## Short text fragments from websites
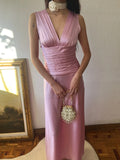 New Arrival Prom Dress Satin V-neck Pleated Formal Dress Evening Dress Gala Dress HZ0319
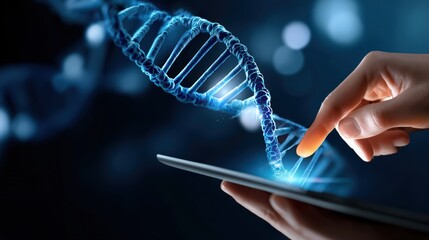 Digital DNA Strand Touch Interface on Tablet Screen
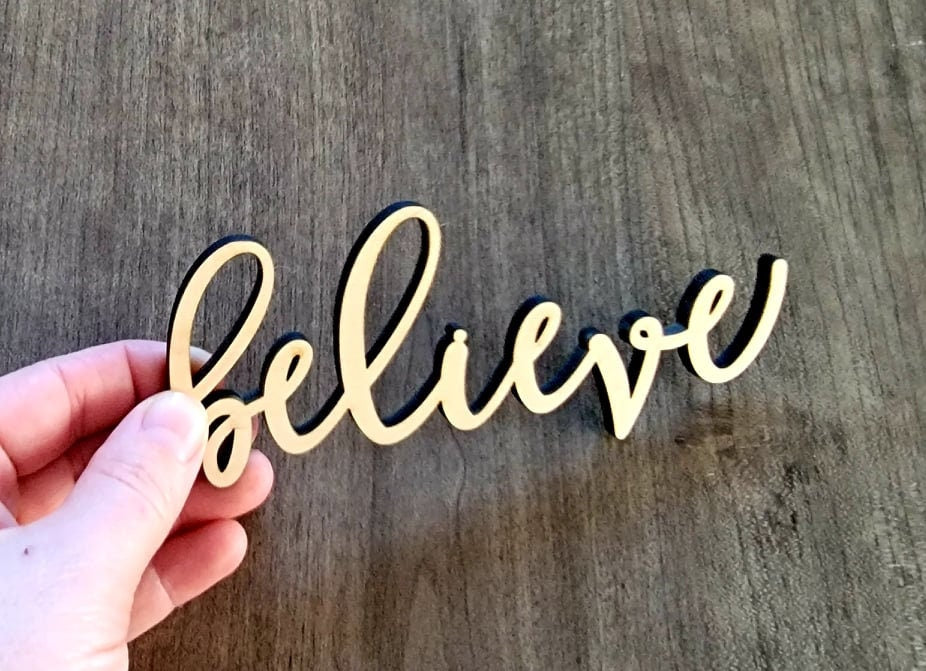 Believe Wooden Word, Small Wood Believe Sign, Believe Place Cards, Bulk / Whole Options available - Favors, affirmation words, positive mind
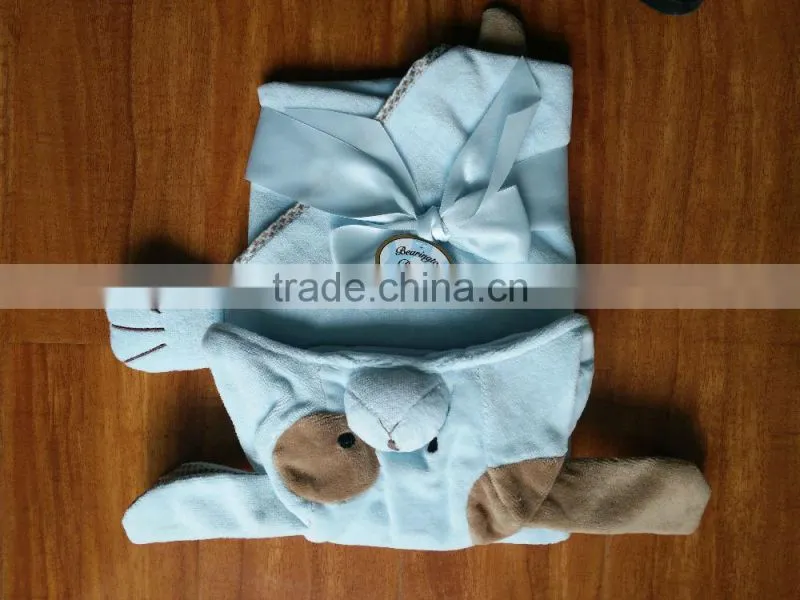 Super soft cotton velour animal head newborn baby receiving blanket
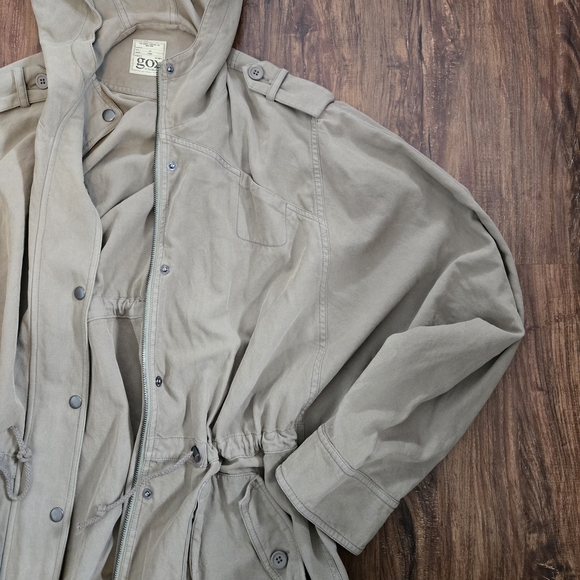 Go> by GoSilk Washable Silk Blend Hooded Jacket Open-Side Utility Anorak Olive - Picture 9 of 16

## Requirement
Retype all the records shown above, character for character. Omit every picture.

## Response to this exercise
 New Arrival Prom Dress Satin V-neck Pleated Formal Dress Evening Dress Gala Dress HZ0319
 Digital DNA Strand Touch Interface on Tablet Screen
 Believe Wooden Word, Small Wood Believe Sign, Believe Place Cards, Bulk / Whole Options available - Favors, affirmation words, positive mind
 Super soft cotton velour animal head newborn baby receiving blanket
 Go> by GoSilk Washable Silk Blend Hooded Jacket Open-Side Utility Anorak Olive - Picture 9 of 16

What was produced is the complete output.